Lakedaemon on 2009-12-13 at 23:15 said:

Is there a way to make woopsi work with Japanese/Chinese fonts ? Or better yet, with freetype 2 ?

Ant on 2009-12-14 at 07:43 said:

I’d suggest talking to Chase-san about that - he seems to have solved the Japanese problem. Woopsi’s font system is flexible and extendible - it defines an interface for fonts, and implementing classes can do any wacky things they need to.
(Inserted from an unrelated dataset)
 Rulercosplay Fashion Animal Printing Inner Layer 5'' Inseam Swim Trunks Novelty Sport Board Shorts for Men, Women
To support FreeType, for example, you’d need to create a font class that used FreeType to render glyphs to a 16-bit bitmap.
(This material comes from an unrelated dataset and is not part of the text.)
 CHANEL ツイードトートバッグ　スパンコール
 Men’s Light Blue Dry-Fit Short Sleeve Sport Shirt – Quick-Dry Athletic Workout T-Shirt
Thinking about it, since the font classes do all of the text rendering, there’s nothing to stop someone from working in Unicode support too - the font could convert from ASCII to Unicode before it rendered the text.
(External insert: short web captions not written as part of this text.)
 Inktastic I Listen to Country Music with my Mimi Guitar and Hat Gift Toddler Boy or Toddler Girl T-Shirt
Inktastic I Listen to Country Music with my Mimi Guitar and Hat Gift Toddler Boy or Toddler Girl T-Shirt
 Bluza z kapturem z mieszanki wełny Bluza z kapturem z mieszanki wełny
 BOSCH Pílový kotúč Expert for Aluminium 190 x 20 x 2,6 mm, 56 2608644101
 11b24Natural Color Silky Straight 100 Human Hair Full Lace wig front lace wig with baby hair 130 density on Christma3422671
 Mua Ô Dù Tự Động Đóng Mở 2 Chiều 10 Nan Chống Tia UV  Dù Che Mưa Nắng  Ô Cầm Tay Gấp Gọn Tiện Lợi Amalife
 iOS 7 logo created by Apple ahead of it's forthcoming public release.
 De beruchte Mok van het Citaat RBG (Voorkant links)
However, this isn’t something I’m interested in adding at the moment. For the time being, I’m focused on improving the existing code and coding experience rather than adding in new features. If someone were to write a patch, though, I might include it…

Lakedaemon on 2009-12-14 at 15:46 said:

I’m trying to port to woopsi a quite simple nintendo ds app that already supports utf-8 (through ascii to codepoint conversion) and that uses freetype to display characters.

considering font.h and this method :

s16 drawChar(MutableBitmapBase* bitmap, char letter, s16 x, s16 y, u16 clipX1, u16 clipY1, u16 clipX2, u16 clipY2);

It looks like creating a font class won’t be enough (as this api only gobbles 1 char …and you need to be able to gobble 1~4 char for unicode), so I will also have to tinker with the text parser too.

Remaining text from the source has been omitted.